Collected data
--------

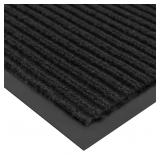 Heavy Duty Rubber Door Mat, 35x60 Inch Low Profile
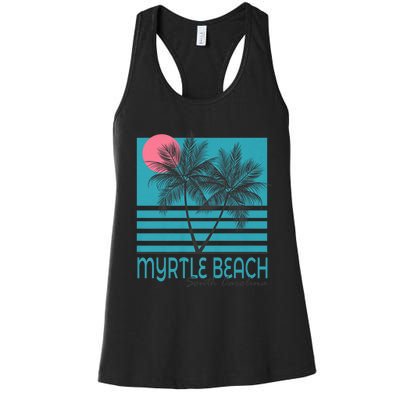 Myrtle Beach South Carolina Women's Racerback Tank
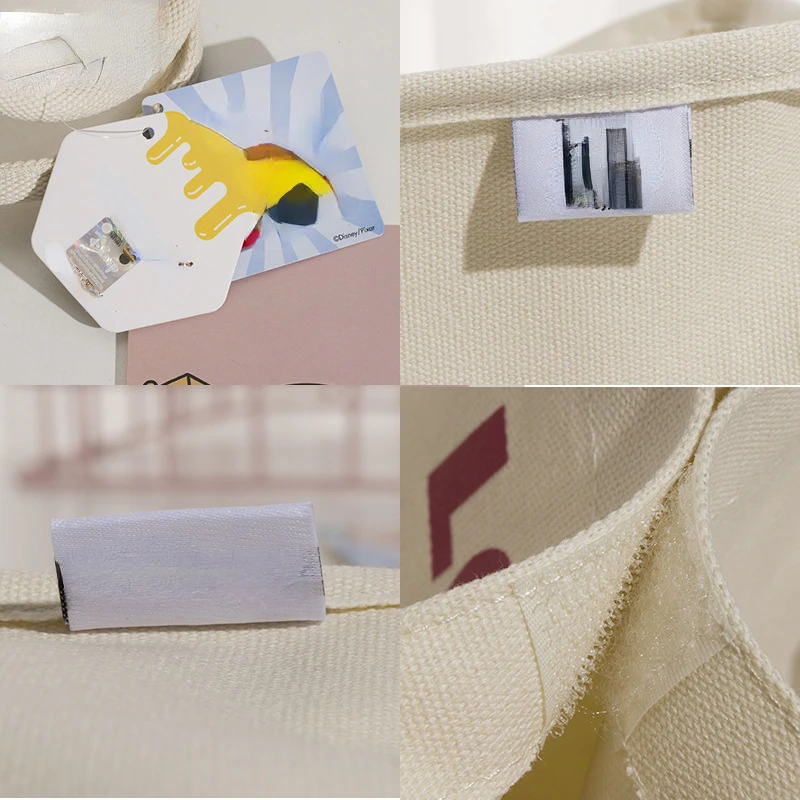 MINISO Disney Lotso Stitch Многоцелевая холщовая большая сумка Большая вместительная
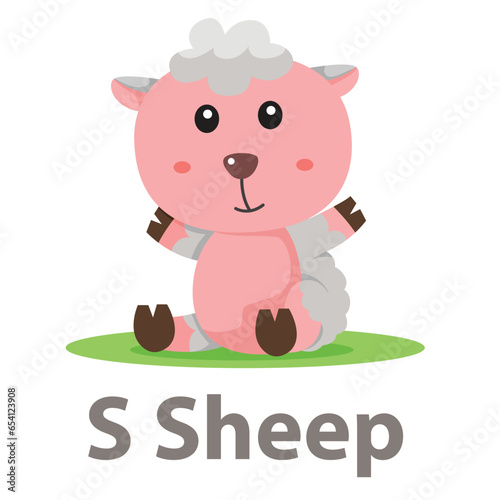 Illustrator of S Sheep animal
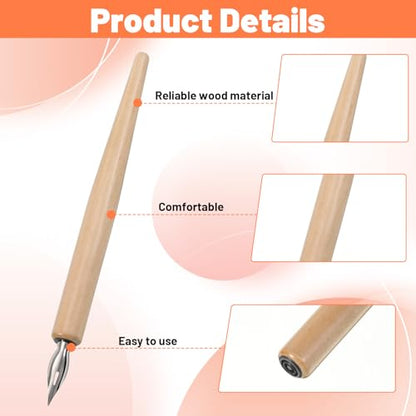 11 PCS Dip Pen Nibs, Dip Pens, Stainless Steel Nib Holder for Calligraphy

--------

Copy the records exactly. Skip the pictures.

 Heavy Duty Rubber Door Mat, 35x60 Inch Low Profile
 Myrtle Beach South Carolina Women's Racerback Tank
 MINISO Disney Lotso Stitch Многоцелевая холщовая большая сумка Большая вместительная
 Illustrator of S Sheep animal
 11 PCS Dip Pen Nibs, Dip Pens, Stainless Steel Nib Holder for Calligraphy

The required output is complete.